Musing on community networks and local economics

12 December 2021

David Johnson

In my journey building community owned networks with communities, I have always dreamed of the scenario where members of the community are empowered to expand infrastructure and services themselves without much intervention from people who are outside the community. I have seen this happening in communities like Altermundi in Argentina, Guifi.net in Spain and Freifunk in Germany.

There was a mix of drivers in these communities: (i) needing connectivity where operators had failed to provide access due to the lack of a market, (ii) an inquisitiveness that drives those with technical capability to see what’s possible when hacking WiFi equipment and building local network services, and (iii) a libertarian driven philosophy that uses these community-owned networks to protect political freedoms, data sovereignty and ensure that governments or multi-national companies can’t carry out surveillance.

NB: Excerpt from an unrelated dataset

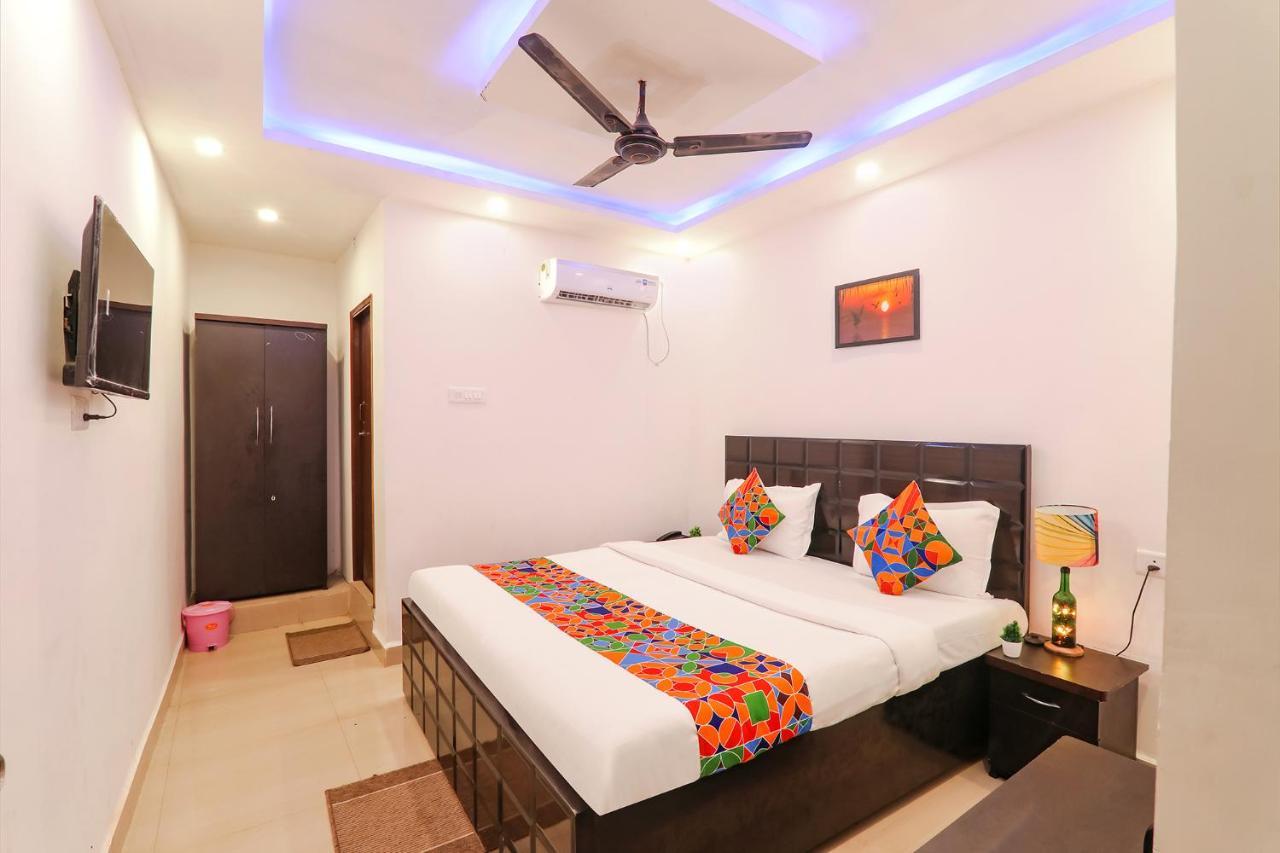 Fabexpress Elite Inn Patna  Buitenkant foto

In Africa, I have only seen aspect (i) being a key driver for building community networks, but almost always the drive came from outside parties (academics, NGOs etc.) intervening in a community and training community members to build a network. Outside intervention is often needed on a continuous basis as there is often little networking technical capability or “networking geek density” to start with. However, these so called “low-resource” rural or urban communities have entrepreneurs, talented artists, skilled artisans, resilience and resourcefulness that is waiting to be unleashed. This is often not seen or appreciated because the privileged digital citizens upload their creations continuously without data pay walls  and the geeks in the privileged world leisurely purchase equipment they need  and learn skills on YouTube or Udemy that make it possible for them to build networks or services or whatever they want as a hobby or as an side income.  

 

The successful community networks in Argentina, Spain and Germany never envisaged the network itself to become a profitable business, they are either run as a cooperative or simply maintained by volunteers without much formal organizational structure.

 

To understand what would make a successful community network in many communities in Africa, we must start with the drivers within the community. In the community, I currently work with, in Ocean View where there is very high unemployment, somebody would create a food garden, a hair solon, or a cell phone repair business because they can earn a living from this. For adults there is generally no time for a side pursuit building a network because it fascinates you when you need to put food on the table for your family; experimenting with computer networks as a hobby is however often still possible for children and university students.

 

Although, this may even be frowned upon by the purists in the community network movement, tools are needed in a community like Ocean View that allow a community network to operate like hybrid between a small WISP and a community network where some members of the community network can earn a fulltime living, and some can supplement their income. A pure WISP like TooMuchWiFi acts as an external party to the community – employing local community members, whereas the Ocean View community network will still be a community-owned and community-centred networks as the owners and decision makers in the network are from the community.

 

Most of the resources in Ocean View, including food, data, goods, and services – approximately 70% according to a community member – come from outside the community. If more local businesses could be built that supply and exchange these resources, unemployment could be reduced, and a local economy could grow. Most data is purchased from mobile operators and the amount of income spent on data may be between 10 and 15%. If just 5% of Ocean View’s income could be spent on a local community network, this could start a virtuous cycle of employment for local community members and the potential to circulate some of this income to other local businesses; including digital services that can be hosted on the network. To help create a circular economy a local community inclusion token can help incentivize community members to use local businesses.

 

This is what the “Incentivized network and localized services growth with blockchain-based community inclusion tokens” ISOC project is all about – bootstrapping a local economy in the community by using a local-owned network and community inclusion token as a catalyst. The Community Inclusion Token (CIT) will be used to purchase data and other local goods and services from businesses that accept the token.

 

A CIT linked to data is always a good place to start as everyone needs data and its value is well understood. If you think about it people already trade airtime. For example, people can send each other airtime for helping with a task or for exchanging some goods. We would simply be replacing this airtime –which is an externally owned token ­– with a locally owned token that encourages local spending on a local community network or other local goods and services. The local community network will also charge between 80 and 90% less than a mobile operator, thus saving the community a large amount of their typical monthly spend on data or providing much more data for their typical spend and supporting local businesses.